CourtU.S. District Court — Southern District of New York

Roberto Rivera, Moravia, NY, pro se.

David Camuzo, Eliot Spitzer, Attorney General, State of NY, New York City, for Defendant.

DECISION AND AMENDED ORDER

MARRERO, District Judge.

Plaintiff Roberto Rivera ("Rivera"), proceeding pro se, brings this action under 42 U.S.C. § 1983 ("§ 1983") claiming violations of his constitutional rights under the due process clause of the Fourteenth Amendment of the United States Constitution. Rivera is seeking punitive damages, as well as injunctive and declaratory relief. Defendants, James Wohlrab ("Wohlrab"), a Corrections Lieutenant employed by the Commissioner of the New York Department of Corrections ("DOCS"), and Richard Holmes ("Holmes"), a Corrections Sargent employed by DOCS (collectively, "Defendants"), have moved for summary judgment pursuant to Rule 56 of the Federal Rules of Civil Procedure dismissing the claims against them. By Order dated October 31, 2002 the Court granted the motion in its entirety, and indicated that its reasons would be detailed in a subsequent decision. Accordingly, the Order of October 31, 2002 is amended to incorporate the discussion set forth below.

I. BACKGROUND1

On August 29, 1999, Rivera, an inmate at Downstate Correctional Facility ("Downstate"), was ordered to provide a urine sample to Holmes. Another Downstate officer, identified as Capt. Many ("Many") in the Request for Urinalysis form, was informed by a confidential informant that Rivera was using a controlled substance. Many therefore ordered the urinalysis test. On August 29, 1996, Rivera's urine sample was tested twice for controlled substances. Both the initial test and the subsequent test yielded positive results for marijuana.
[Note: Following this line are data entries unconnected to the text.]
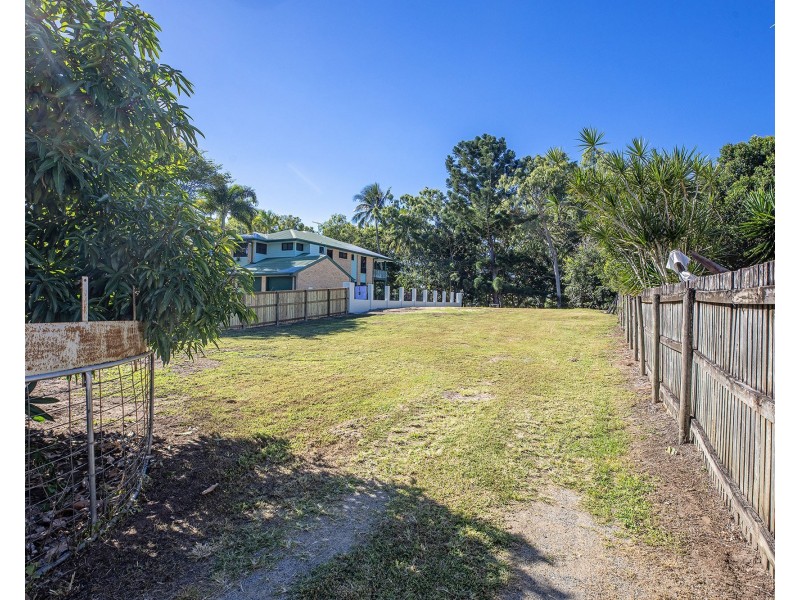 63 Bucasia Esplanade, Bucasia QLD 4750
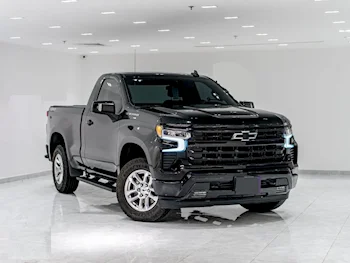 Chevrolet  Silverado  RST  2023  Automatic  23,000 Km  8 Cylinder  Four Wheel Drive (4WD)  Pick Up  Black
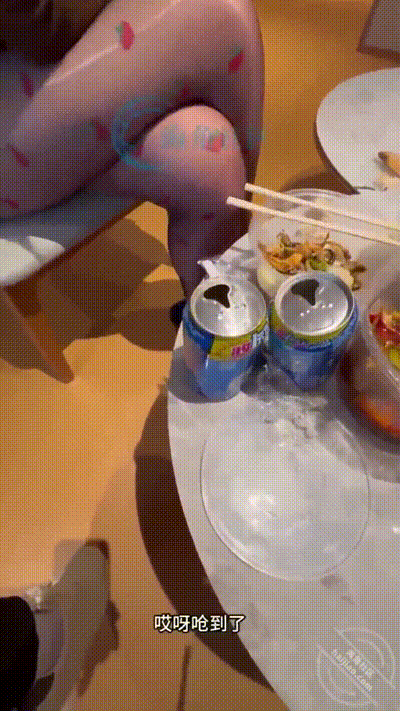 【人前露出计划玩弄爱妻】劝说老婆穿开档丝和朋友出去游玩，醉意上头让老婆睡梦被熟人无套内射，醒来直呼太尴尬了！ 动图预览 - 私房ACG - sifacg.com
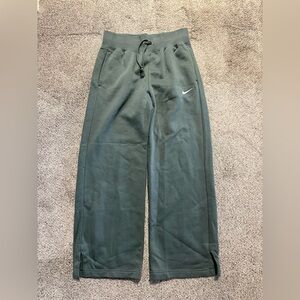 ❗️SOLD❗️ Nike Women's High Waisted Wide Leg Split Hem Phoenix Fleece Sweatpants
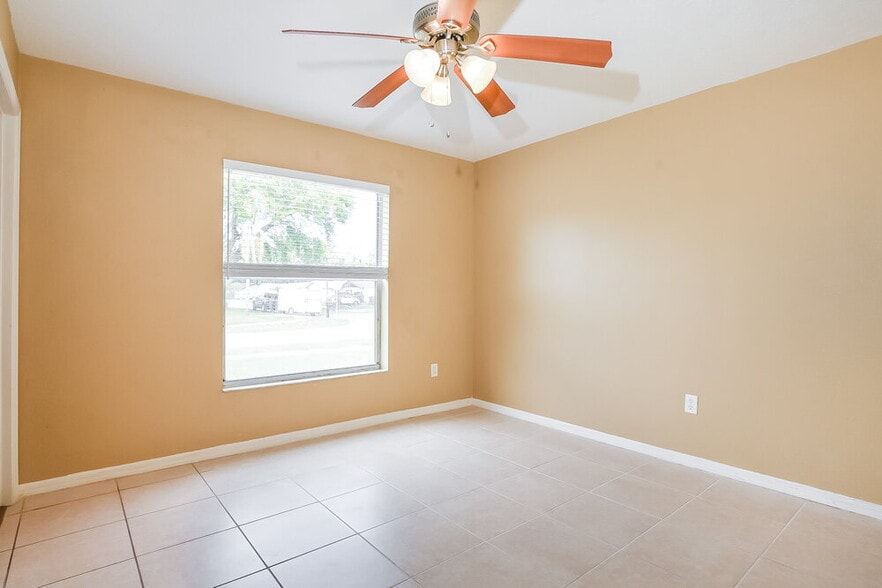 Building Photo - 3645 E Powder Horn Rd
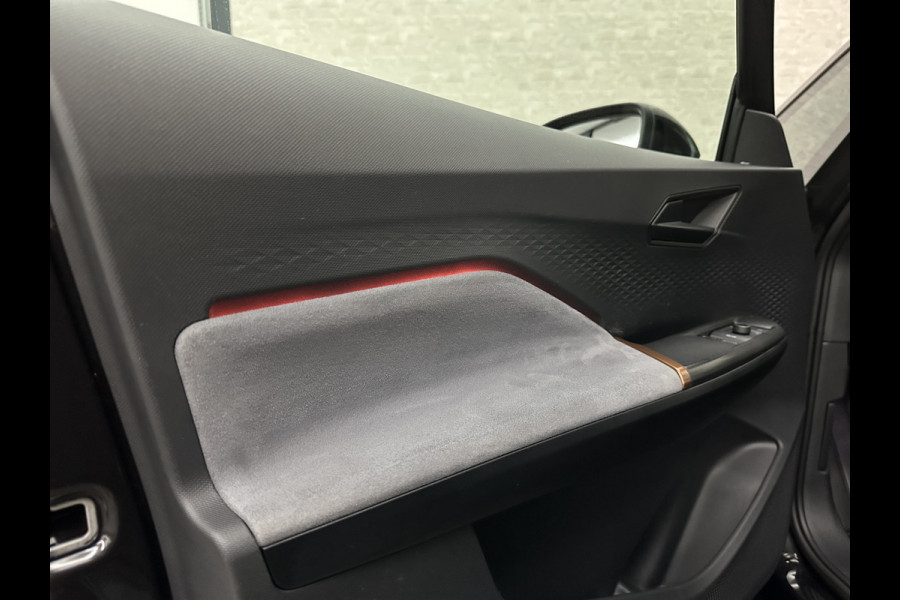 CUPRA Born e-Boost 231PK 62 kWh | Panorama | Dynamic-Pakket | 20'' Blizzard | ACC | Dodehoek | Copper-Details | Keyless | Sfeerverlichting | LED | Pilot M+ | Tech-L Pakket | Carplay | Stuurverwarming | Interieur-Voorverwarming | Getint Glas | Draadloos Laden |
After obtaining the two positive readings for marijuana, Holmes, in accordance with the New York Department of Correctional Services ("DOCS") Directive 4937, issued a misbehavior report charging Rivera with violating DOCS Disciplinary Rule 133.12 (use, sale or exchange of narcotics, narcotic paraphernalia, or a controlled substance).

A tier III disciplinary hearing on the charges against Rivera commenced on September 4, 1996 and concluded on September 10, 1996. Lieutenant J. Wohlrab ("Wohlrab") presided as the hearing officer. During the proceedings, Rivera requested two witnesses, Holmes and the confidential informant. Wohlrab only permitted Rivera to question Holmes.

On September 10, 1996, Wohlrab issued a written decision finding Rivera guilty of the charge against him based upon the written report and testimony of Holmes and the two positive test results for marijuana.

Rivera was sentenced to six months keeplock confinement, as well as six months loss of packages, commissary and phone privileges. The Director of Special Housing and Inmate Disciplinary Programs, Donald Selsky, modified the sentence on November 5, 1996 to ninety days keeplock confinement.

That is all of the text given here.